En 1971 un jovencísimo Wences Rambla visitaba por primera vez el campo de extermino de Dachau, instalado a sólo 13 kilómetros de Munich, inmortalizando aquellas instalaciones del planificado genocidio de estado. Dachau estaba a diez minutos en coche de la segunda ciudad más poblada de Alemania y fue el primero de la red de campos creada por Hitler y gestionada por las SS de Himler. Entró en funcionamiento en 1933 siendo modelo a seguir para el resto de los centros de tortura y muerte que acabaron con la vida de millones de seres humanos, en su mayoría judíos. A nadie escapa que una parte importante de alemanes, conocedores de aquellas fábricas de ignominia, durante muchos años miraron hacia otro lado. Cuando llegó a París muy enfermo, Largo Caballero contaba cómo, tras ser detenido, fue trasladado a Sachsenhausen: «Me llevó un comisario de policía en su coche, hablando desenfadadamente, como si me invitara a pasar unas vacaciones en un balneario. Con gran corrección me acompañó hasta la puerta de un recinto en cuya puerta ponía Campo de Educación de Sachsenhausen.
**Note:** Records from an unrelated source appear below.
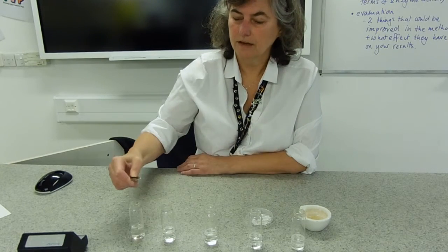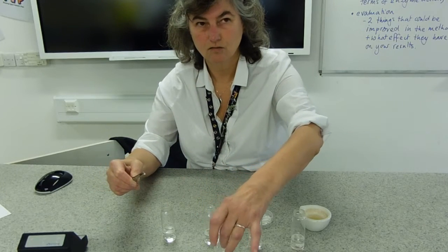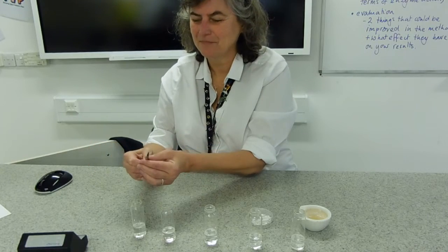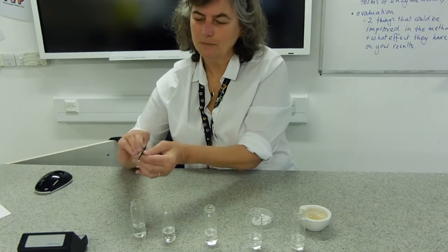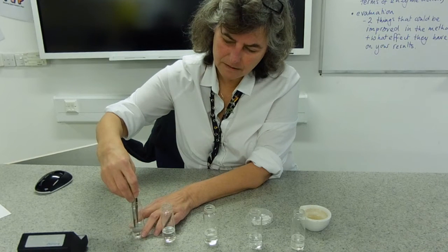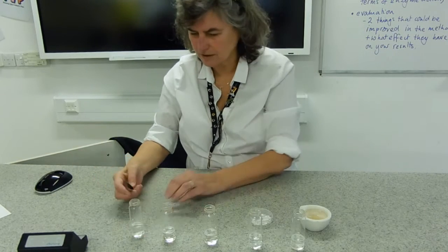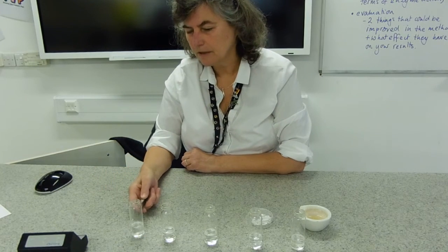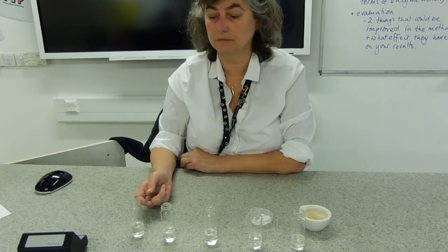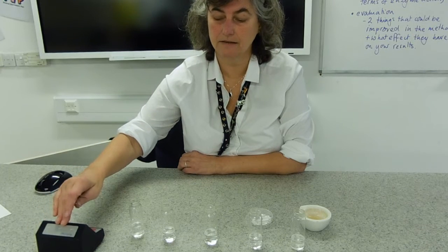We soak the chad in the enzyme solution — that's where the enzyme is. Then we drop it into the substrate solution, which is the hydrogen peroxide. The disc is heavier than the hydrogen peroxide and sinks to the bottom, but as oxygen is released from the reaction, you can see it pops back up to the surface. I've got my timer here to time how long that takes.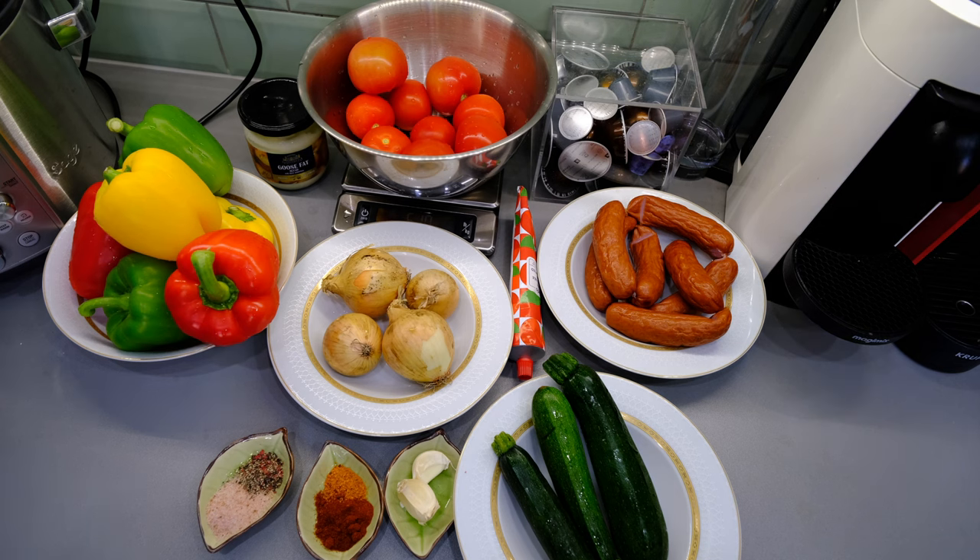Hello everyone, today I'm going to cook a Hungarian dish called leczo. In this version, it's a perfect keto meal because it's got a lot of fat and protein but not a lot of carbs. If you don't want it to be keto, you can serve it with bread or with rice. So let's start cooking and walk through the ingredients we need to make leczo.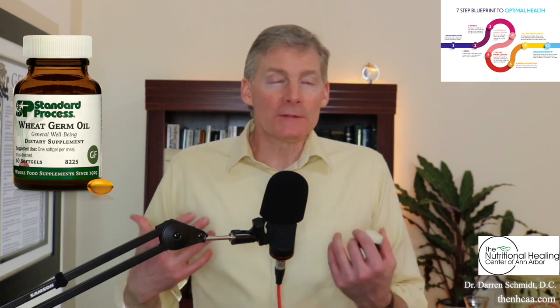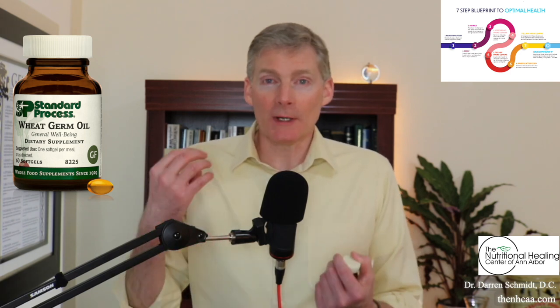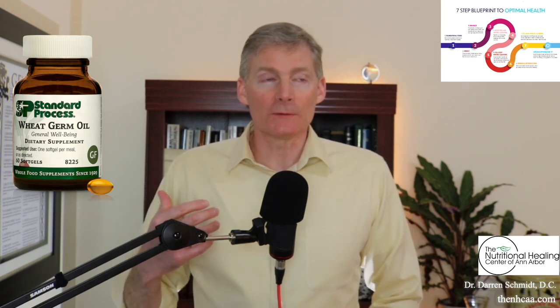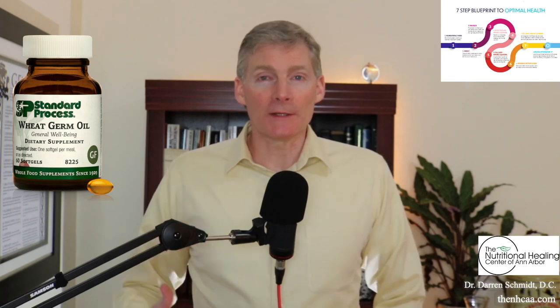So you're infusing your body with E. But remember, it's an oil, so it's fat soluble. It goes into the cells very quickly, and it's good for the nervous system. It does a lot of things.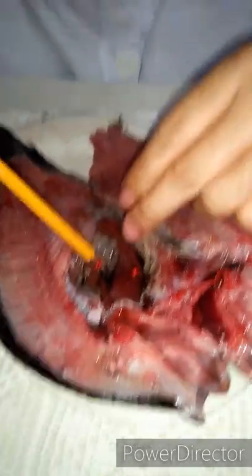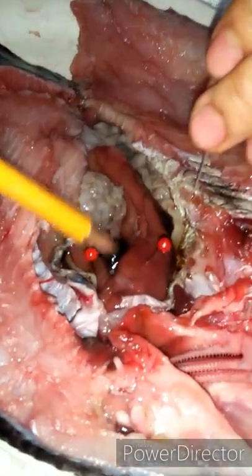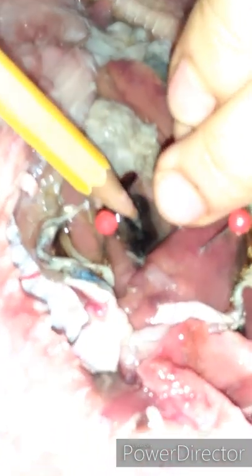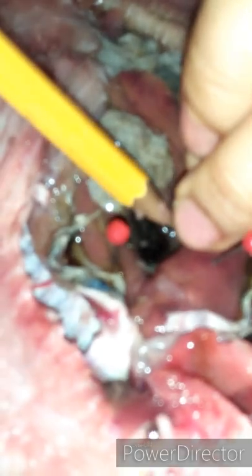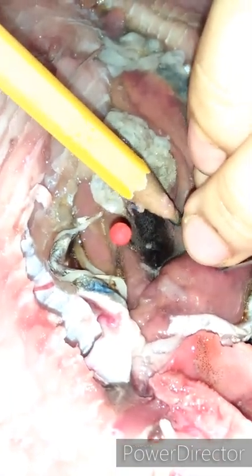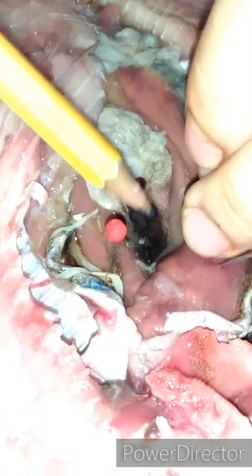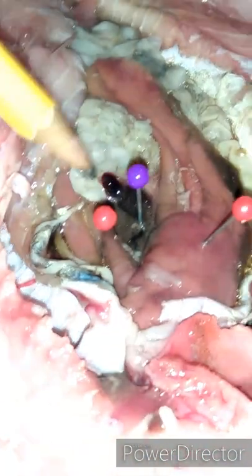Now we are going to find the liver — this one here is the liver. It assists in digestion by secreting enzymes that break down fats, and also serves as a storage area for fats and carbohydrates. This dark-colored organ here is the liver.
Aquí estará usted bien atendido, me dijo el funcionario, tras despedirse con un apretón de manos y dejarme con los SS. En cuanto entré en el campo, un oficial me tradujo la inscripción que había en los frontispicios de los barracones: Hay un camino hacia la libertad. Sus hitos son estos: obediencia, aplicación, honestidad, orden, limpieza, sobriedad, franqueza, sentido de sacrificio y amor a la patria. Aquel campo de educación ocupaba una zona pantanosa, con muchas pinadas de un verdor magnífico, aire limpio. Bonito lugar para humillar y asesinar a miles de personas. En los alrededores había pueblos y ciudades cuyos habitantes supongo que no eran conscientes de lo que allí verdaderamente ocurría». El viejo líder socialista pecaba de ingenuo. El infierno funcionaba desde 1936 y nadie en la ciudad de Oranienburg podía ser ajeno a cuento ocurría en aquella instalación del horror.

La aportación de Wences tiene un valioso significado testimonial sobre una de las páginas más negras de la historia de la humanidad, ocurrida en el corazón de Europa hace tan solo 76 años. Ojalá Wences hubiese podido plasmar también el horror de los gulags soviéticos, que magistralmente contó Alexander Solzhenitsyn, quién dejó escrito: «Que me perdonen por no haberlo visto todo, por no recordar todo y por no poder decirlo todo». Gracias Wences, por plasmar todo lo que no debemos olvidar.